Eventually Stanley abandoned the land route, sent his Arab
guides back towards Kasongo and committed his expedition to
the river. Behind the Lady Alice came a flotilla of twenty-two
pirogues - one he named the Telegraph after our employer - that
he had stolen at gunpoint from riverside villages. He saw them as
spoils of war after a series of skirmishes with the Wagenia, the
tribe living along the river. The only contact the Wagenia had ever
had with outsiders had been raids by Arab slaving parties, and it
is no surprise that they treated Stanley's arrival with hostility,
attacking with bows and arrows and suffering heavy casualties
from the modern weaponry fired by Stanley's Zanzibaris. By late
December 1876 Stanley's entire expedition was floating down the
Congo River, anxiously peering out over the barrels of their
Snider rifles, percussion-lock muskets and double-barrelled shotguns at a forest that concealed dangers both real and imagined.

When I eventually left Kindu, I did so in circumstances very
similar to Stanley. I was on a boat crewed by non-Congolese
outsiders, heading nervously downriver and looking out from
behind a phalanx of rifles and machine-guns.

I had hitched a ride on a UN river patrol boat, a swanky, sleeklooking thing with powerful engines and comfy padded white
seats more suited to the French Riviera than combat riverine operations. It was the property of a tiny detachment from the navy
of Uruguay. They were MONUC's sole military presence on the
800 navigable kilometres of the upper Congo River. I was lucky to
have been given a place on their downriver patrol and I owed my
good fortune to Lieutenant Commander Jorge Wilson, an
impressively bulky Uruguayan naval officer who commanded the
Kindu unit.

I don't know whether it was because, as a descendant of
nineteenth-century British immigrants to the Americas - Scottish
miners who mined salt in Uruguay - he felt an affinity with
Stanley, another British nineteenth-century immigrant to the
Americas, but Cdr Wilson was very knowledgeable about
Stanley's journey and happy to play a small part in helping me recreate it. My target was Ubundu, a town 350 kilometres downstream from Kindu at the head of a series of rapids that make the
river impassable. The cataracts make river travel downstream
from Ubundu impossible, so I would have to travel overland to
the next major town, Kisangani. That would be dangerous
enough, but for now my main concern was getting to Ubundu.

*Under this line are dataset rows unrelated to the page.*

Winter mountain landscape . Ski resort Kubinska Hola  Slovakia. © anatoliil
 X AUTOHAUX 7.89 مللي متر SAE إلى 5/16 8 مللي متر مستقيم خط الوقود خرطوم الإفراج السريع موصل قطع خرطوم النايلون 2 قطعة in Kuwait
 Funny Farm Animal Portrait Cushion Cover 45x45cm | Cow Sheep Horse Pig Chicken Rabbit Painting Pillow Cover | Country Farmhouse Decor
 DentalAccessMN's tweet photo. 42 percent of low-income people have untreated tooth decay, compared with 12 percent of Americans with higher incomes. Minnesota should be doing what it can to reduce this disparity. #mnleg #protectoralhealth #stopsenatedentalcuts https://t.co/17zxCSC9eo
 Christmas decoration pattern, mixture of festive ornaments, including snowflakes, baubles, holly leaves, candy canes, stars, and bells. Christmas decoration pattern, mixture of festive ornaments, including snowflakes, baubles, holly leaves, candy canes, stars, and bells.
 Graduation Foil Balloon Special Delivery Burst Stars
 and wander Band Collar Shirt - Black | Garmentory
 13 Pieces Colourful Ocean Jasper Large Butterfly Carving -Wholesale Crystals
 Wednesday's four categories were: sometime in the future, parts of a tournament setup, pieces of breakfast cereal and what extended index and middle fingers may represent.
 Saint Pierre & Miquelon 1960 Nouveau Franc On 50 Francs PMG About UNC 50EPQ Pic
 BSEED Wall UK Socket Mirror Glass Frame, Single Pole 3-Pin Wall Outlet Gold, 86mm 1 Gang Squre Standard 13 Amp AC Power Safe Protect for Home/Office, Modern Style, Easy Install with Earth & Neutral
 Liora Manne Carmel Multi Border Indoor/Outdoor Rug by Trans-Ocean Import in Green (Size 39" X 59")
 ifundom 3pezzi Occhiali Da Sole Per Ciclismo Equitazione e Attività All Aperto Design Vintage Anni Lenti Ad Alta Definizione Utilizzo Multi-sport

`There's no way we can get you all the way to Ubundu. We
don't have the fuel to make it even halfway. But on our next
downstream patrol we can at least give you a head start.' He was
shouting above the sound of the Village People's `In the Navy'
being played at full volume during a Saturday night booze-up at
his unit's base next to Kindu's old railway station.

Sailors from his unit were wearing the Uruguayan national
soccer strip and comedy sombreros, jiving drunkenly, pausing
every so often to gulp down more beer and steak - all imported on
UN flights. While the rest of Kindu was in darkness, the
Uruguayan naval-unit compound fizzed with bright lights and
loud music. As I left to walk through the silent streets to the
bishop's blacked-out house, I saw a large halo effect around the
compound perimeter lights. Walking closer, I saw thousands of
tiny flying insects attracted from the nearby river by the light, shimmying backwards and forwards in a thick cloud. And on the
ground beneath the light, millions more lay dead in drifts.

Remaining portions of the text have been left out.